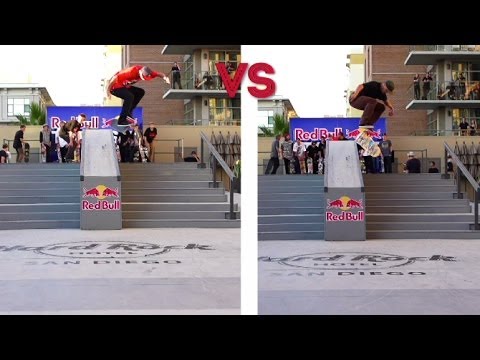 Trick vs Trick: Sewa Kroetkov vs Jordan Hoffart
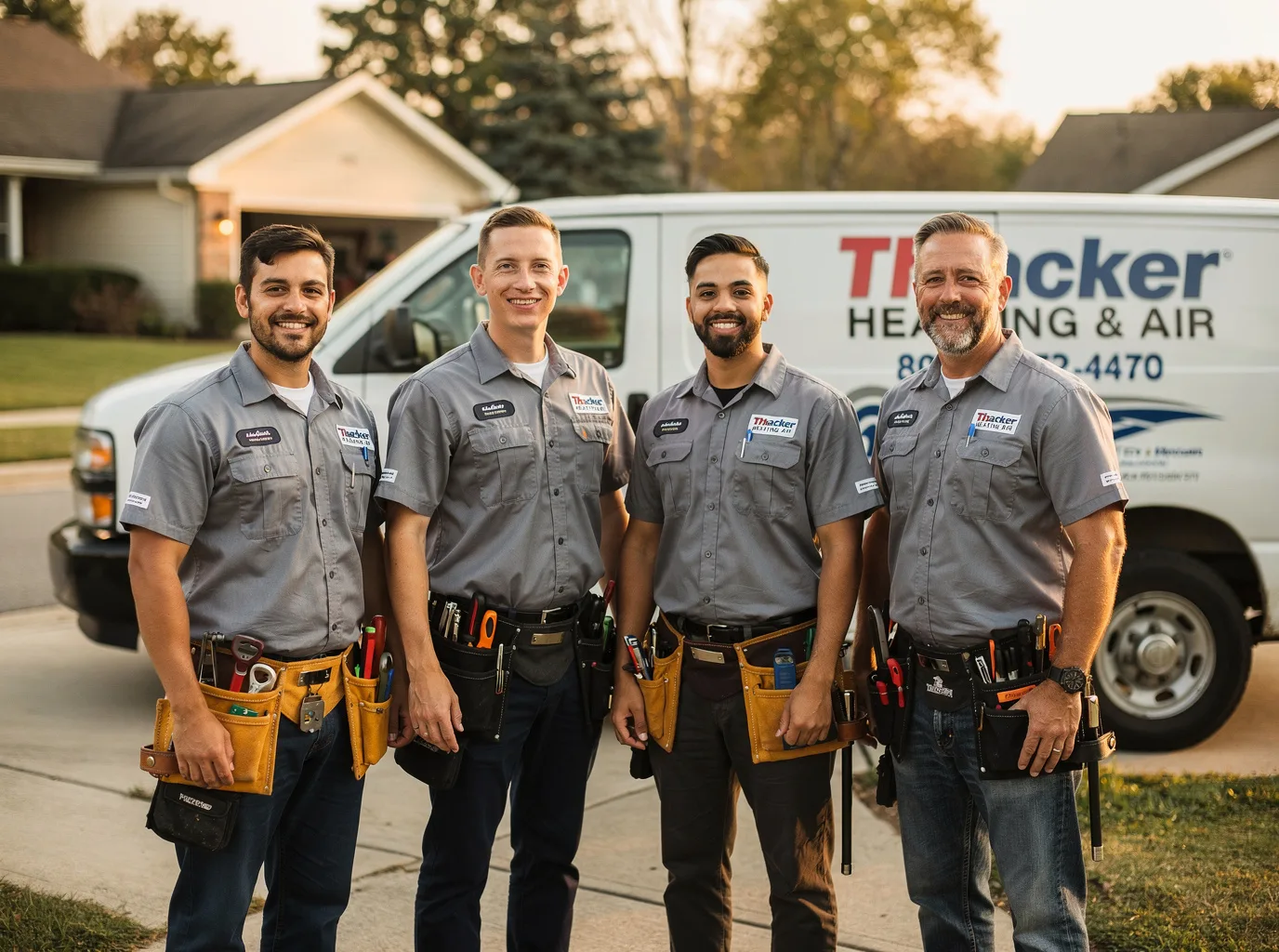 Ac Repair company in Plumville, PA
---
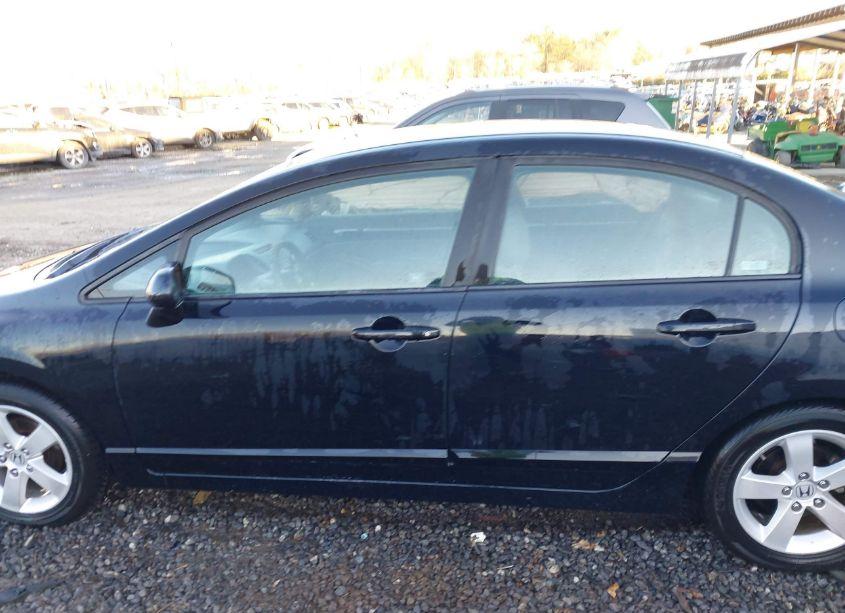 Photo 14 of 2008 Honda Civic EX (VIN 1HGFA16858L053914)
* * *
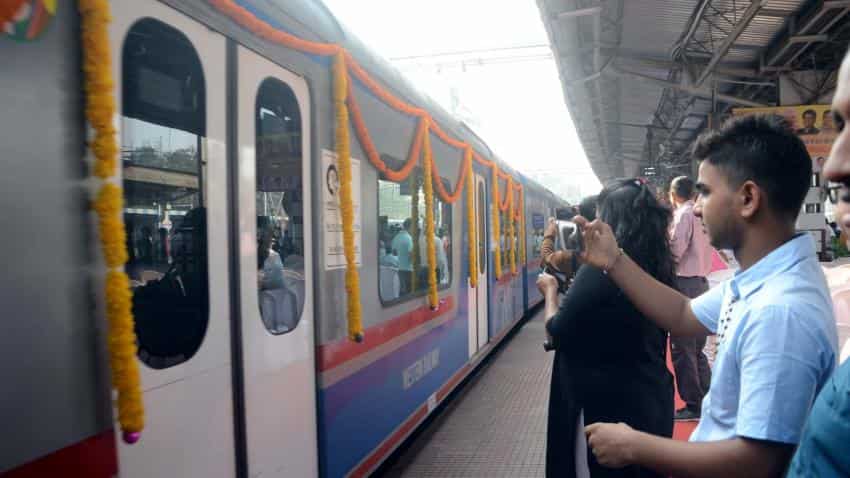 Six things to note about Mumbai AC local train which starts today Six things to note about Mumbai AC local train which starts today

ACTIVITY:
Above this task is a listing with pictures in it. Retype only the lines from the one containing "Trick vs Trick: Sewa" through the one containing "Ac Repair company in Plumville, PA", both included, and not the pictures.

ANSWER BELOW:
 Trick vs Trick: Sewa Kroetkov vs Jordan Hoffart
 Ac Repair company in Plumville, PA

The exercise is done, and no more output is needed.